These words are extracted from the letter of Mr. Justice Steyn to the President of the Law Society dated 10th December, 2002 - it is annexed to the Law Society's founding affidavit as "LSL4". This negative perception of the Law Society might unfortunately have been triggered by M.E. Sole's application after sentence and conviction as Mr. Molyneaux said in his supporting affidavit to the opposing affidavit to these proceedings. I can only say if every little suspicion or perception an individual or group of individuals would be a yardstick no judge would ever be able to sit. However, a departure from a practice of longstanding (which served the judiciary and perceptions of justice well) should only done for good unavoidable reasons. Careful thinking and analysis should precede such a step.


(34) Any step that any organ of state, be it government and the courts that could have financial consequences has to be first cleared with Parliament so that it could be budgeted for and funded. Since government is the door to Parliament, courts cannot do anything financial of an administrative nature (save actual adjudication in cases) without clearance, consent and participation of government. The Court of Appeal had for over 30 years been run on donated services of retired of South African judges and senior legal practitioners. To have full time judges of appeal who have to be paid - that is a state policy decision for which Parliament would have to find the money to pay those judges.

(35) It seems to me that Chapter III of the Constitution dealing with Principles of State policy provides that the financial or economic capacity and development should always be kept in mind. Consequently these principles are not automatically enforceable in the courts of law. They are to be achieved progressively, by legislation or otherwise. See Section 25 of the Constitution. Among these are the principle of equality of justice as defined in Section 26 of the Constitution. While the state is bound to provide full time judges of the Court of Appeal and this may be over due - the Judicial Service Commission ought not to appoint full time judges of appeal where non-existed before, without adequate preparation by government and financial provision by Parliament.


(36) The Chief Justice in his speech at the opening of the High Court of the 3rd February, 2003 complained that the High Court in the past could not cope with preparing records for hearing before the Court of Appeal because of lack of capacity. He added:-" This need is rendered even more acute than otherwise because unlike in the past the Court of Appeal has directed that preparation costs in ail criminal appeals lying to that court be borne by the State. In the past this applied only to appellants condemned to death" " This new development has had the effect of inviting more appellants to lodge appeals even if only for the sake of testing the waters. Well, if it is free and is a logical consequence of the dispensation why not go for it."

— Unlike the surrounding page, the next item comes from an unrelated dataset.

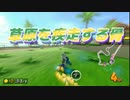 [#93]短い草原を駆ける骨【マリオカート8DX】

(37) It seems to me that (in the above example) the Court of Appeal did not keep in mind that what Sections 25 and 26 of the Constitution say about the principle of Equality and Justice which it was trying to achieve. Secondly it seems clear that having the Judiciary and the Supreme Court under the Chief Justice but having its two portions namely the High Court and the Court of Appeal with two separate heads is at the root of its current decision-making problems. The Court of Appeal from its inception was headed by the Chief Justice until Judge Roper, at a time he was Acting Chief Justice of Bechuanaland was appointed its President around September. l965. It is time to investigate whether one person the


Chief Justice should not head (as before) the entire Supreme Court of which the Court of Appeal is part like in other countries.


Having read the papers and heard argument on both sides;


Having found that in terms of the Constitution, the Laws that govern the Court of Appeal and established precedents a judge of the High Court can sit at different times as a judge of the High Court and judge of appeal in the Court of Appeal over cases he did not hear at first instance;


  1. the application for an order declaring Mr, Justice M. Ramodibedi's continued performance of the functions of puisne judge in the High Court unconstitutional, be and is herein dismissed.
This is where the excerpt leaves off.